I prefer to read classic fiction and poetry from the 1890’s to 1970’s so unfortunately I do not read any best sellers. When I do read today’s writers I prefer non-fiction or fictional history. I love Eric Larsen especially The Devil In The White City, which I hope becomes a movie. In the same vain I also read David McCullough and just recently finished “The Wright Brothers.” My time spend reading modern poetry has been focused on poets to be discovered. Many of my friends on Facebook are writers and there is always a supply of great writing to discover. I also am a member of Facebook poetry groups and love reading new writers. As a photographer and through social media I have met and collaborated with other poets. We have had multiple publications with these Ekphrastic collaborations. The three poets discovered who have provided great new poems for my photography and multiple publications together are: Deborah Setiyawati. Sharon Dina Rose Regala and Nicole Surginer.

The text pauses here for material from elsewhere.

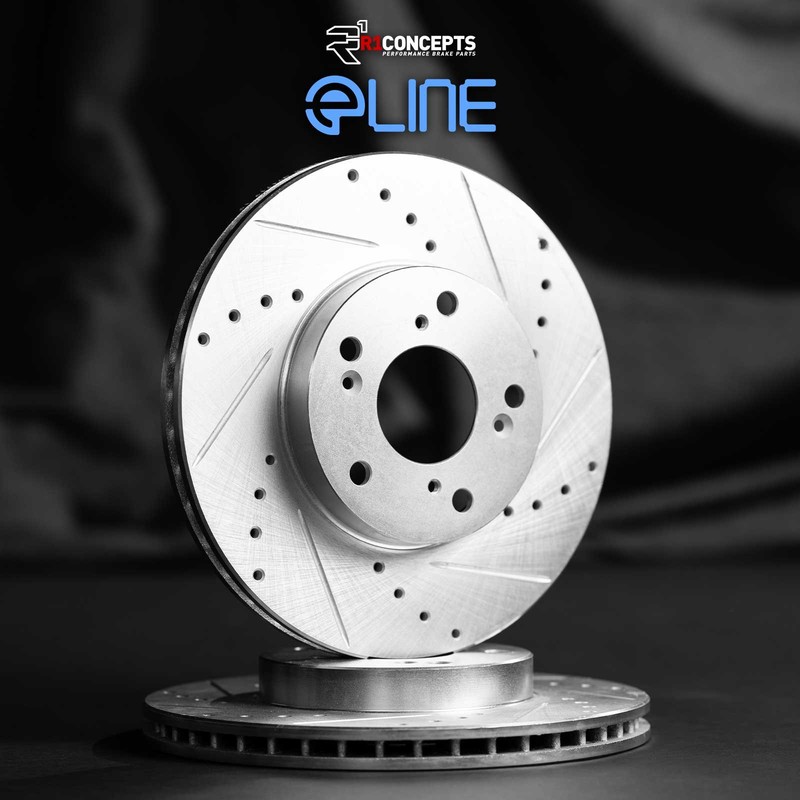 R1 Concepts Wgpn1 48017 R1 Concepts Brake Rotor D S Silver gallery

8. What would you say to someone who asked you “How do you become a writer?”

“Read, read read.” I would say first be a lover of reading, learn about your craft and begin your passion with a goal in mind. Find support, even if it is only that one person who understands your new talent and will give feedback. We all need that one muse that can inspire us. When you are ready, do not be afraid to submit your work and share with the world. We all have had rejections. Then one day comes your first acceptance and that is when the passion is truly lit. My favorite poet said my favorite quote; “I love my rejection slips. They show me I try;” Sylvia Plath.

9. Tell me about a writing project you are involved in at the moment.

Currently I am working on two different science fiction short stories. I always enjoyed reading science fiction when I was a young boy. One is a Dystobian story concerning government control of what the citizens are allowed to read. My second short story discusses a world controlled by men and the women revolt and bring a final forever peace. I was happy to be notified of an acceptance of my first 10 minute play being published. In the future I will shop this work to local playhouses and hopefully one day I can produce my play. Lastly I continue to write poetry often combining the poems with my photography.